In FIG. 1, the power rail 10 of the standard cell 1 is arranged in a first metal layer M1, above the interconnection layer M0, in which the active layer 40 and the gate electrodes 50 are arranged. The interconnection layer M0 may be the first metal layer on a substrate and is electrically insulated from the first metal layer M1 by an insulating layer (e.g., an electrically insulating layer).
Due to the power rail 10 being arranged in a different layer than the active layer 40, the Via 20 is included. The Via 20 extends through the insulating layer between the first metal layer M1 and the interconnection layer M0 and electrically connects the power rail 10 to the contacts 30 and, thus, to the active layer 40.
FIG. 5 is a schematic side view of the standard cell 1 illustrated in FIG. 1. In FIG. 5, the interconnection layer M0 is indicated by 1000 and is where the contacts 30 and the active layer 40 are arranged. The first metal layer M1 is indicated by 1010 and is at which the power rails 10 and routing tracks 90 are arranged. As can be seen, the power rails 10 occupy the same level in the standard cell 1 as the routing tracks 90, thus reducing the space available for the routing tracks 90 in the standard cell 1.

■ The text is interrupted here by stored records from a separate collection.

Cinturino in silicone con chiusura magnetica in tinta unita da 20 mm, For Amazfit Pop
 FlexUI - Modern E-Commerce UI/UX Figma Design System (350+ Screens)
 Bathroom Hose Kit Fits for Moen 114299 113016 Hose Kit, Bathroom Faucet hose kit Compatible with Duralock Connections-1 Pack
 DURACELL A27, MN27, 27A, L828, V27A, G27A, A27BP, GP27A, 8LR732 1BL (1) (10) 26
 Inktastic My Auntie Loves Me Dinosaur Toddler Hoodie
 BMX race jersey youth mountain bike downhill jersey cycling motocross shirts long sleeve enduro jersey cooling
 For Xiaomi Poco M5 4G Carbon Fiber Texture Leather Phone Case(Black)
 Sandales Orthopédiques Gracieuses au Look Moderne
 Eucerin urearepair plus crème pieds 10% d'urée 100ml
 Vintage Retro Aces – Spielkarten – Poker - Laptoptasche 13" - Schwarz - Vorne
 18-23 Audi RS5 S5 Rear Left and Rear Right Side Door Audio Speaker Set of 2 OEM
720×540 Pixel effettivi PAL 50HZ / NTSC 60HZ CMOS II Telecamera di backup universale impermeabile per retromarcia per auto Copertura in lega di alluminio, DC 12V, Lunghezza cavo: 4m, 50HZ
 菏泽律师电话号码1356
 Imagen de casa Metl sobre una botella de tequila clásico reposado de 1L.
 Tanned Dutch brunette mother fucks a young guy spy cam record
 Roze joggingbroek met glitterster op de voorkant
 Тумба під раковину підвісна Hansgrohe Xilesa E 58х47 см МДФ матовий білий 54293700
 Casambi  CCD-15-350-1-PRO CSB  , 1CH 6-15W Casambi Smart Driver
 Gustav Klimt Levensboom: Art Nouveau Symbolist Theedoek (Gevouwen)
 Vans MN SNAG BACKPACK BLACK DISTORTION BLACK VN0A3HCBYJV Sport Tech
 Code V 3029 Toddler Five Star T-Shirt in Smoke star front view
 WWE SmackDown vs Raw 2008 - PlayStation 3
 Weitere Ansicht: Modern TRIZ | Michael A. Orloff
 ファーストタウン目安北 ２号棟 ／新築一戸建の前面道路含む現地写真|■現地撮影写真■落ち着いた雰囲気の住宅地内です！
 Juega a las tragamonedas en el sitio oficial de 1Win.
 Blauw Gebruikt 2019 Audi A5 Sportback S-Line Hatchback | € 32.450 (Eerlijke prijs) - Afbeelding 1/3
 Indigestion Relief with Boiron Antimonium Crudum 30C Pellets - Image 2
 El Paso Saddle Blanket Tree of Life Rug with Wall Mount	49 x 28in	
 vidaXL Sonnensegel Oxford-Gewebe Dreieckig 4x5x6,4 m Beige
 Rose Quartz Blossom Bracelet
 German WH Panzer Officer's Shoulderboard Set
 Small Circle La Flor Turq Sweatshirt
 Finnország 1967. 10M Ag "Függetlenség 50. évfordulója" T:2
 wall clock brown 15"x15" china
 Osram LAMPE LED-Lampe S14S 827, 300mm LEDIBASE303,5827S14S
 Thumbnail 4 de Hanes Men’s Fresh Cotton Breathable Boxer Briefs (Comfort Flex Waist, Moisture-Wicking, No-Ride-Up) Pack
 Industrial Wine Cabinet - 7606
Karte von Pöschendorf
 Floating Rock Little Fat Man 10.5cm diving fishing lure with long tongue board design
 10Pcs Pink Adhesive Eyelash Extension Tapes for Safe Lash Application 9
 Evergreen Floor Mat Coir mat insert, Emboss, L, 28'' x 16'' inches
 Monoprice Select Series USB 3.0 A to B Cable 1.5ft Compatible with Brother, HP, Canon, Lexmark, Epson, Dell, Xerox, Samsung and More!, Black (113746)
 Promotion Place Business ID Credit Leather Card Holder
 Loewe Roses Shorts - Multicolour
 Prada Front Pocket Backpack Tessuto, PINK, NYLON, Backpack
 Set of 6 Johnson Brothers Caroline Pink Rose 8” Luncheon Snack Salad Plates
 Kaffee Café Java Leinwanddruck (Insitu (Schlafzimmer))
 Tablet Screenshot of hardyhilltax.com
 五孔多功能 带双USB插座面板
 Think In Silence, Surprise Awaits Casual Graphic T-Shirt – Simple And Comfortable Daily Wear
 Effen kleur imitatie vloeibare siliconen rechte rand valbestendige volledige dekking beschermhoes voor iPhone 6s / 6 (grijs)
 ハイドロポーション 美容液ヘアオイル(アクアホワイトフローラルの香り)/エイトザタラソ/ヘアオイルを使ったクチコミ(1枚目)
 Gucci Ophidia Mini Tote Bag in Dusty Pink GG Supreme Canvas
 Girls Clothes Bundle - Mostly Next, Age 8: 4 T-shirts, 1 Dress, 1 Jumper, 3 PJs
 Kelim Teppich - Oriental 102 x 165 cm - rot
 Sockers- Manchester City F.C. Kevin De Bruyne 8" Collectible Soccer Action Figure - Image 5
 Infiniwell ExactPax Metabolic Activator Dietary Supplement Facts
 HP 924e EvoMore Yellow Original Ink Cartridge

Moreover, because the power rail 10 is included in one of the metal layers M1-Mx, the power rail 10 occupies space that could otherwise be used for routing tracks 90 and various interconnections. In addition, the power rail 10 is connected to the active layer 40 by the Via 20, and an IR drop across the Via 20 must be considered in designing a semiconductor device including the standard cell 1.